The former spectacular date of the steroid biomarker is important as it demonstrates that the animals lived at least 100 million years before the Cambrian explosion, which occurred There are 540 million years. For a long time, scientists have widely believed that all organisms that lived before the Cambrian explosion were mere single-celled creatures. It is becoming increasingly clear that there were animals floating in ancient seas before the Cambrian explosion – and that traces of some of the oldest animals may come from chemicals, not bone or preserved flesh. The oldest known animal fossil, a 558-million-year-old ribbed oval, was identified in September by fragments of organic matter left by its body.

These new discoveries strongly suggest that the demosponges floated in the marine environments of the Neoporterozoic and even existed as early as the cryogenic period, which stretched from 720 to 635 million years ago. These demosponges may have had no eyes or thorns, but they were animals that were adaptable enough for their offspring to flourish today.

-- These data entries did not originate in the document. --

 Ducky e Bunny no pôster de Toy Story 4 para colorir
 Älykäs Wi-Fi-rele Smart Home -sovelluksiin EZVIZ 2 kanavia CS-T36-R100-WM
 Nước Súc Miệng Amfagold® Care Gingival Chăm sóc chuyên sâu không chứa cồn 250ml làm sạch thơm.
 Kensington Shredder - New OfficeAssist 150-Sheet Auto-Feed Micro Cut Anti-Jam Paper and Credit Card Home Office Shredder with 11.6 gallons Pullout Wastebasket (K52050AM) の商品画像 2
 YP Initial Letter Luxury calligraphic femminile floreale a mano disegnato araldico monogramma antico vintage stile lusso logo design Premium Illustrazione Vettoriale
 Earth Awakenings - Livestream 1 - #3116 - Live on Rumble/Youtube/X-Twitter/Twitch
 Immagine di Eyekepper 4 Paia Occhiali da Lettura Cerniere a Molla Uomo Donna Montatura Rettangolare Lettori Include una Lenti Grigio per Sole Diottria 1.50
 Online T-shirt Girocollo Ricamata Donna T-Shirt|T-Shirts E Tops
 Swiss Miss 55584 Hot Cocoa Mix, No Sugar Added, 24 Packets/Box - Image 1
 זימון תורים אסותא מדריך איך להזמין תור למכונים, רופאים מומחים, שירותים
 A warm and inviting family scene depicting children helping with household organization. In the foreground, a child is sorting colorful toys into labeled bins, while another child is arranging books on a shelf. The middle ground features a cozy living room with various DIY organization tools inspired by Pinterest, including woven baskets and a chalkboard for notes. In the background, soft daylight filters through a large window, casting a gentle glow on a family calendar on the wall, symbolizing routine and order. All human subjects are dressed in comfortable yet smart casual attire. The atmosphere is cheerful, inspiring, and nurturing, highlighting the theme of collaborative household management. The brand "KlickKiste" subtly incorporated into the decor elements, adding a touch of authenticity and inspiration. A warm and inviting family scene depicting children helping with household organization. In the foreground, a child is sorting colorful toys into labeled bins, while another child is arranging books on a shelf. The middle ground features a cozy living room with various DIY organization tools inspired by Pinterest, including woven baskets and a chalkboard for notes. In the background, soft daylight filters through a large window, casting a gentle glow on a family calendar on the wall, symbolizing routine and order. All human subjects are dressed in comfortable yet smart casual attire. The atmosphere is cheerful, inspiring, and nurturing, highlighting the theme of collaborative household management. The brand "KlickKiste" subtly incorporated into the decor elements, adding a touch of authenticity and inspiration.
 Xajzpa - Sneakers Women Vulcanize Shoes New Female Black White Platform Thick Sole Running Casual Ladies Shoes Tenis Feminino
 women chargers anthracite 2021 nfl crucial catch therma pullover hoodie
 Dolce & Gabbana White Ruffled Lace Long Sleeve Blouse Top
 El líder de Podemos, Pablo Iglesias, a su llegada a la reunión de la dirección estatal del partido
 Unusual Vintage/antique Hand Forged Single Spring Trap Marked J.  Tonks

Abstract: Sterane biomarkers conserved in ancient sedimentary rocks are promising for tracking the diversification and ecological expansion of eukaryotes. The first animal biomarkers proposed from Demosponges (Demospongiae) are recorded in a sequence of about 100 million years of Neoproterozoic-Cambrian marine sedimentary strata of the Huqf supergroup, southern basin of Oman. This steroid C30 biomarker, known informally as 24-isopropylcholestane (24-ipc), has the same carbon skeleton as the sterols present in some modern demosponges. However, this evidence is controversial because 24-ipc is not exclusive to demosponges since sterols of the-ipc are found in trace amounts in some pelagophytic algae. Here we report a novel fossil sterane biomarker that co-appears with 24-ipc in a late Late Cambrian and Neoproterozoic sedimentary rocks, which has a rare hydrocarbon skeleton found in the taxa of demosponges. existing. This sterane is informally referred to as 26-methylstigmastane (26-month), reflecting very unusual methylation at the end of the steroid side chain. It is the first animal-specific steran marker detected in geological recordings that can be unequivocally linked to precursor sterols reported only from existing demosponges. These new findings strongly suggest that demosponges, and hence multicellular animals, were predominant in some Late Neoproterozoic marine environments, at least until the cryogenic period.